Разочаровавшись в ролях, которые ей предлагали в Париже, она уехала в Лондон, по слухам, приняв решение больше не появляться на подмостках. Фехтер отправился к ней и рассказал о «Даме с камелиями». «Все актрисы Парижа отказались от этой роли. Не хочешь ли ты попытать счастья?» Она прослушала пьесу, аплодировала, плакала, немедля уложила чемоданы и на следующий же день по приезде в Париж начала репетировать. «Все у нее было в избытке, — говорил позднее Дюма-сын, — молодость, красота, обаяние и талант… Когда она играла эту роль, казалось, будто она написала ее сама». Директор театра Буффе не очень-то обнадеживал.

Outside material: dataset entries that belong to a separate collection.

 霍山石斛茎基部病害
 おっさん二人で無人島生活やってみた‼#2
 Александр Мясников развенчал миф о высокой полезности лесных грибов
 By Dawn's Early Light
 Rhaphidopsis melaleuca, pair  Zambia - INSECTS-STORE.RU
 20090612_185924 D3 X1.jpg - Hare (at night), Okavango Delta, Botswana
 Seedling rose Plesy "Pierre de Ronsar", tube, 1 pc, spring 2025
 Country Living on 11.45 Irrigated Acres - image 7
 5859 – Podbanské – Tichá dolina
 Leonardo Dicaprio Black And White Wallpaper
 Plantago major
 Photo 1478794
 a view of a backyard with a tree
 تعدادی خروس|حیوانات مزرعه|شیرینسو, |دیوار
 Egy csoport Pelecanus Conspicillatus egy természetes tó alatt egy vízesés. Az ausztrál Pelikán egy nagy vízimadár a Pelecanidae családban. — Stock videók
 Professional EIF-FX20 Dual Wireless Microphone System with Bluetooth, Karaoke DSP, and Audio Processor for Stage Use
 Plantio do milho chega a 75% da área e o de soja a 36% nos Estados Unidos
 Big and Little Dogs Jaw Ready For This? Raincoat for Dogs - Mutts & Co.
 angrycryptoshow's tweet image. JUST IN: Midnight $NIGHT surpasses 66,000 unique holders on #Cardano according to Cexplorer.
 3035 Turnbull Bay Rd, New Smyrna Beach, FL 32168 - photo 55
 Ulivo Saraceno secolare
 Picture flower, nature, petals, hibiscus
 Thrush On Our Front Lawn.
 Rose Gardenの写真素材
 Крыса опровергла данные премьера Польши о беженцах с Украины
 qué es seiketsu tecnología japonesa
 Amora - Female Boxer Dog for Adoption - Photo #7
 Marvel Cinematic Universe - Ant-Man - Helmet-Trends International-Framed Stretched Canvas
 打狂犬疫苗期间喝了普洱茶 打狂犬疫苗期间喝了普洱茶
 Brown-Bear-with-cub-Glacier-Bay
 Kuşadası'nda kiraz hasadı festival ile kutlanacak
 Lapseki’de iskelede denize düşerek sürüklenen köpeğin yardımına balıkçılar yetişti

— Ба! — говорил он госпоже Дош. — Вы будете играть Даму в очередь с Уистити, то есть через два дня на третий, а быть может, и всего только раз двенадцать-тринадцать.
Остальные исполнители проявляли беспокойство. Смелый сюжет казался им неприемлемым. И цензура — увы! — разделяла это мнение. Суровый и надменный Леон Фоше, занимавший в 1851 году пост министра полиции, запретил пьесу. Это произошло до государственного переворота, и Дюма-отец был еще в довольно хороших отношениях с принцем-президентом. Сын, придя в отчаяние, послал на переговоры отца. Однако цензор, господин де Бофор, заявил, что не может допустить такого скандала, хотя бы ради репутации обоих Александров Дюма.
— Если мы разрешим представить подобную пьесу, то публика еще до конца второго акта начнет швырять на сцену скамейки.
— В один прекрасный день, — заявил Дюма-сын, — появится министр, достаточно умный для того, чтобы разрешить мою пьесу. Приглашаю вас на спектакль, он будет иметь грандиозный успех.
— Я желаю вам этого, сударь, но не могу в это поверить.
Госпожа Дош близко познакомилась в Лондоне с Луи-Наполеоном и его министром внутренних дел Персиньи. Она принялась хлопотать за свою пьесу.
— Пусть этой девочке вернут ее роль, — заявил Персиньи.
На одну из репетиций явился Морни. Он был не робкого десятка, но потребовал «на всякий случай» свидетельство о морали за подписью трех видных писателей. Дюма-сын отправился к Жюлю Жанену, Леону Гозлану и Эмилю Ожье; они прочитали пьесу и рекомендовали ее к постановке. Несмотря на тройное поручительство, Леон Фоше оставался непоколебим. Наступило 2 декабря. Луи-Наполеон провозгласил себя пожизненным президентом, затем — императором. Морни занял место Фоше. Три дня спустя после своего назначения сводный брат императора снял запрет с пьесы.